Exercise aim
Print again, word for word, all of the records below, and leave the pictures out.

Information
-*-
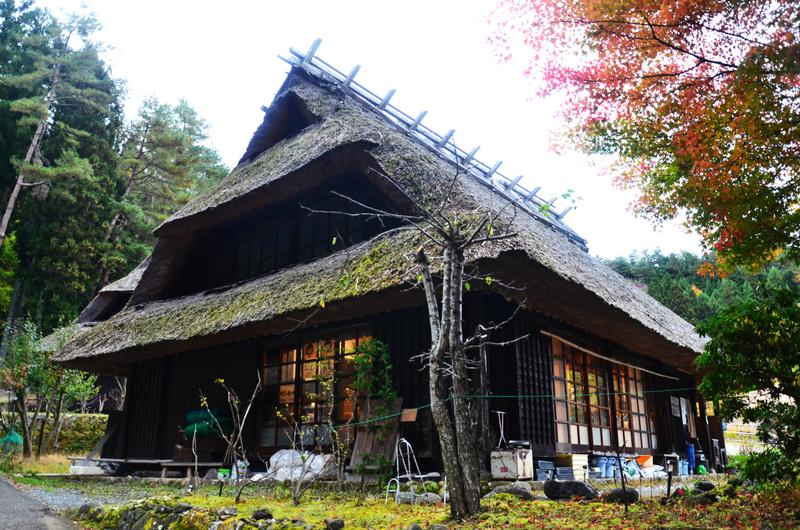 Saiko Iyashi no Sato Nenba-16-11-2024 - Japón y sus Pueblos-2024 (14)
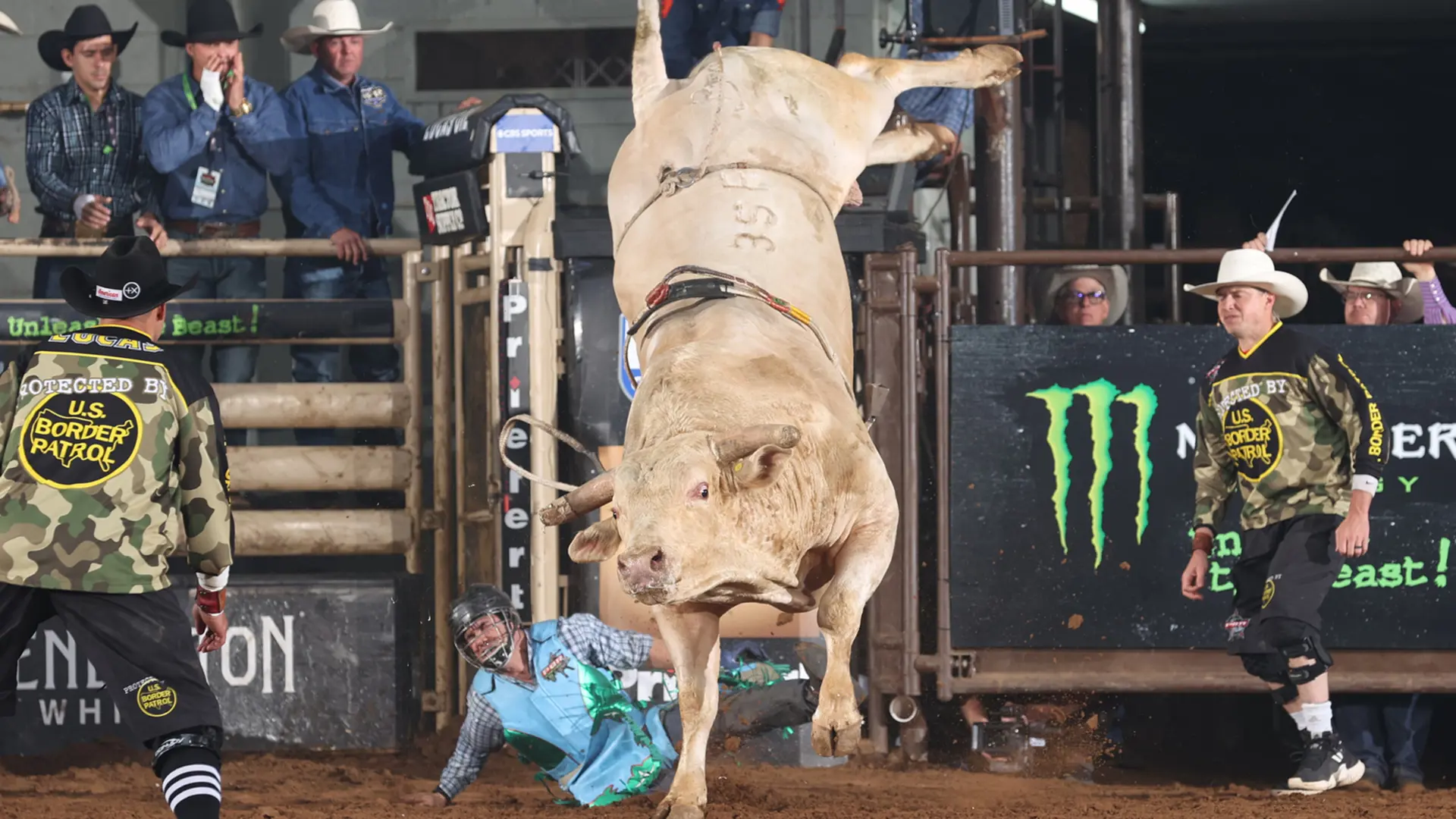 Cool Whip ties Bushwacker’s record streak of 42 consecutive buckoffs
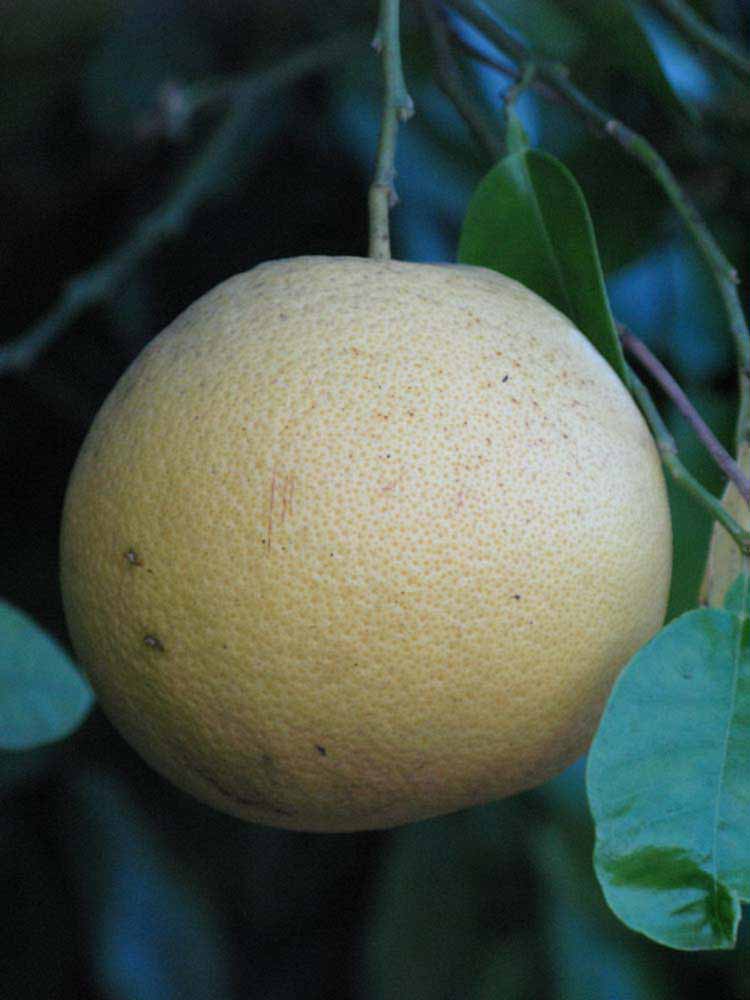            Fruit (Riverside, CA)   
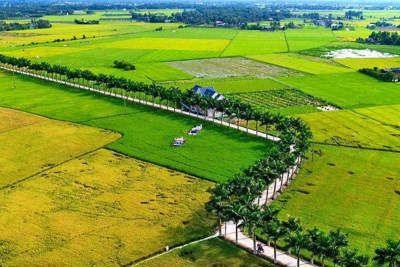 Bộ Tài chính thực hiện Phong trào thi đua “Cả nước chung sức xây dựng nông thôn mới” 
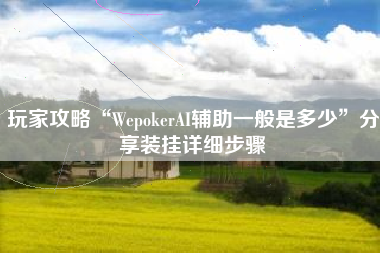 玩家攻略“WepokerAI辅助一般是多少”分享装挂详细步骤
-*-
Solution for this problem
 Saiko Iyashi no Sato Nenba-16-11-2024 - Japón y sus Pueblos-2024 (14)
 Cool Whip ties Bushwacker’s record streak of 42 consecutive buckoffs
            Fruit (Riverside, CA)   
 Bộ Tài chính thực hiện Phong trào thi đua “Cả nước chung sức xây dựng nông thôn mới” 
 玩家攻略“WepokerAI辅助一般是多少”分享装挂详细步骤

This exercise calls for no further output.